Online Games & The Law: More Latest Cases

by Shannon Appelcline
2005-11-10


Over the last two years I've written a series of articles about law & the online gaming world, to help elucidate & point out various issues for the online game designer:

The digital frontier is, however, constantly changing. Week-by-week and month-by-month new precedents are getting set that are going to affect us game publishers & designers in the years to come. So this week I'd like to follow up on my article from this March and look again at some of the most recent legal cases that center on the digital medium and that cover the legal areas that I've discussed thus far in this column: IP and community.

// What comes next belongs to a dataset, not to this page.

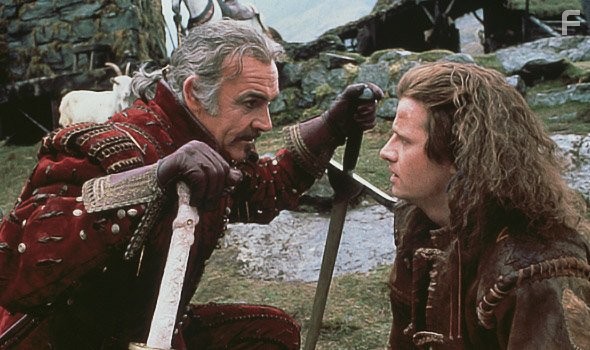Sean Connery and Christopher Lambert in Горец (1986)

Unlike my previous law update, this one doesn't specifically focus on game cases. However, it does look at interesting uses of patent and copyright on the Internet and elsewhere, which will ultimately be of interest to all of us.

As before: I'm not a lawyer.

Knight v. Common Sense

One of the most confounding stories of recent months is that Andrew Knight, a registered patent agent (for what that's worth, which isn't a lot) has decided to start patenting story ideas and in fact has started an agency to help other gullible personswould-be authors to get their storylines patented as well.

The explanation of why Knight decided to start patenting storylines is quite humorous:

Recognizing that fierce competition for publication and financial reward focused on the quality of storytelling, as opposed to the quality of the underlying storyline itself, and further recognizing that even the world’s most skilled storytellers (of which he is clearly not) rarely turn a profit, his unique fictional storylines have matured into pending patent applications instead of novels or screenplays. He thus seeks reward on the true value of his innovations—the underlying storylines—instead of forced, sub-par expressions of these underlying storylines.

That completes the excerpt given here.